[Short text fragments from websites]
○ ○ ○ ○ ○ ○ ○
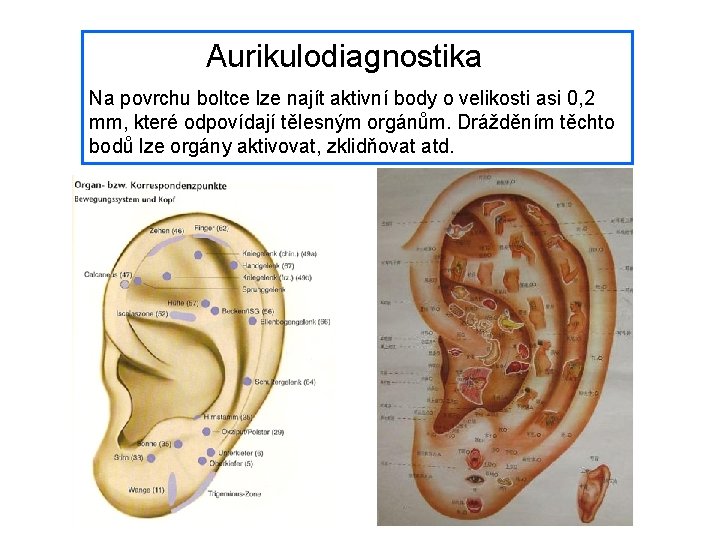Aurikulodiagnostika Na povrchu boltce lze najít aktivní body o velikosti asi 0, 2 Aurikulodiagnostika Na povrchu boltce lze najít aktivní body o velikosti asi 0, 2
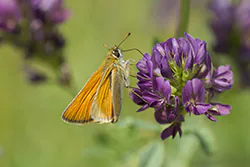 Karłątek leśny (Thymelicus sylvestris)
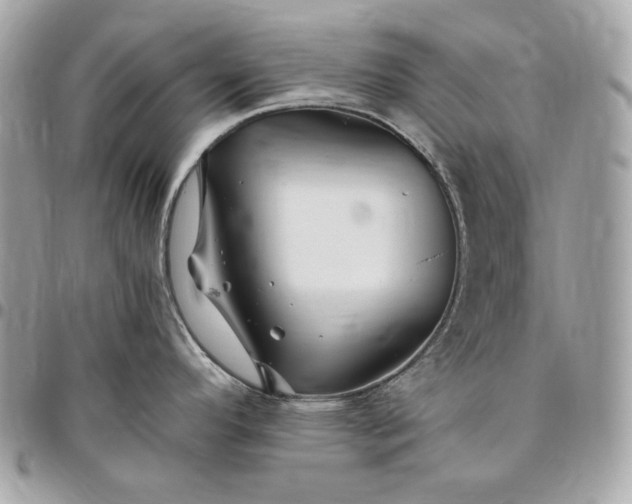 X0000096421296200802071654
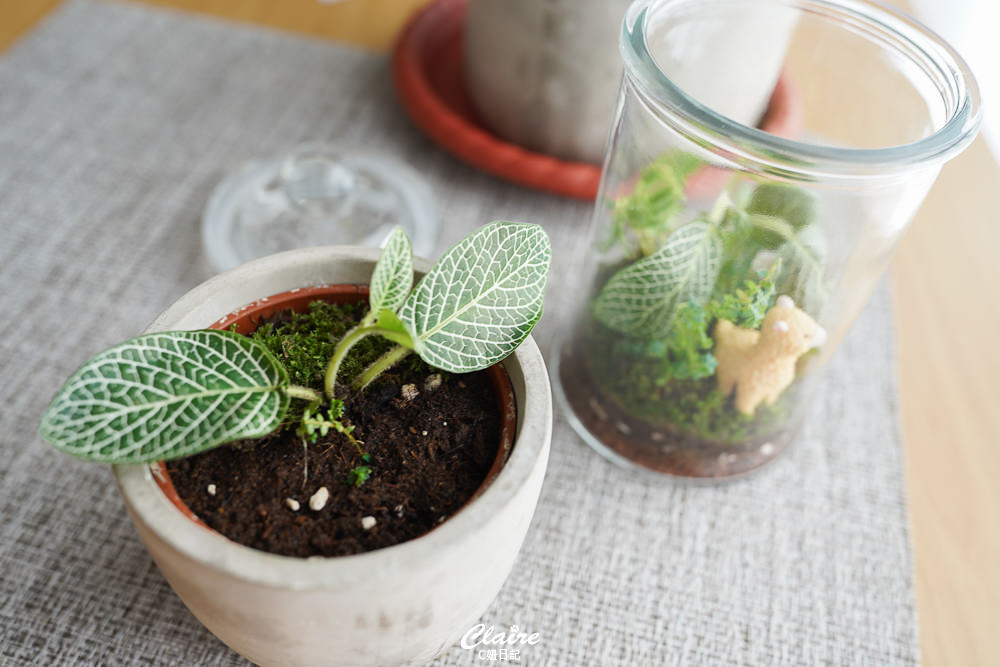 20251024-nmpfs 20251024-nmpfs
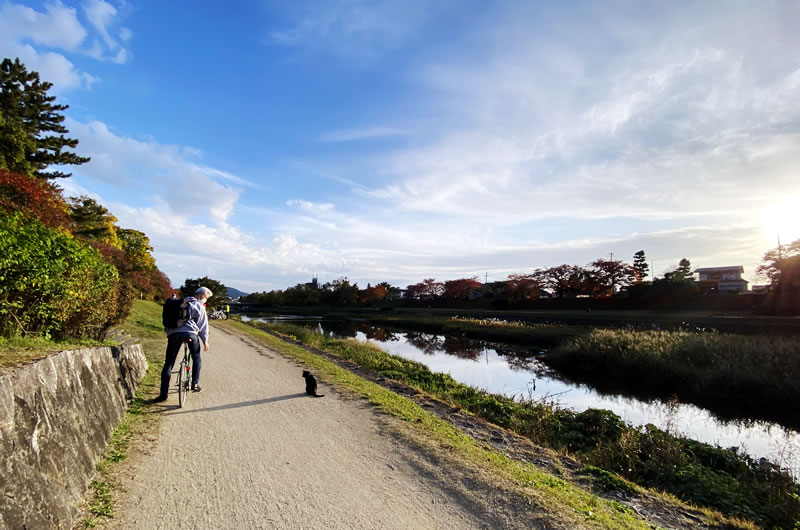 TOKYO BIKEなら気になった場所ですぐに止まれる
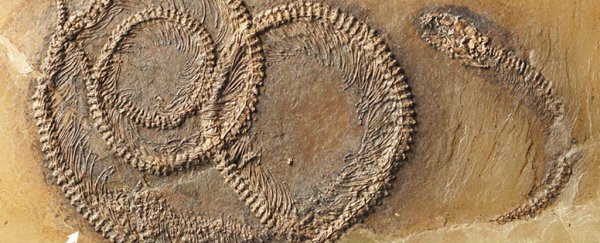 This 48-million-year-old fossil has an insect inside a lizard inside a snake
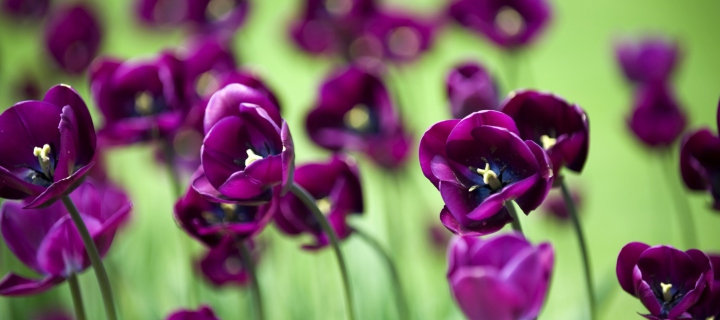 Screenshot №1 pro téma Violet Tulips 720x320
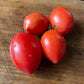 Amish Paste tomatoes photographed at Oak Summit Nursery.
○ ○ ○ ○ ○ ○ ○
Retype all the entries word for word; the pictures stay out.

Aurikulodiagnostika Na povrchu boltce lze najít aktivní body o velikosti asi 0, 2 Aurikulodiagnostika Na povrchu boltce lze najít aktivní body o velikosti asi 0, 2
 Karłątek leśny (Thymelicus sylvestris)
 X0000096421296200802071654
 20251024-nmpfs 20251024-nmpfs
 TOKYO BIKEなら気になった場所ですぐに止まれる
 This 48-million-year-old fossil has an insect inside a lizard inside a snake
 Screenshot №1 pro téma Violet Tulips 720x320
 Amish Paste tomatoes photographed at Oak Summit Nursery.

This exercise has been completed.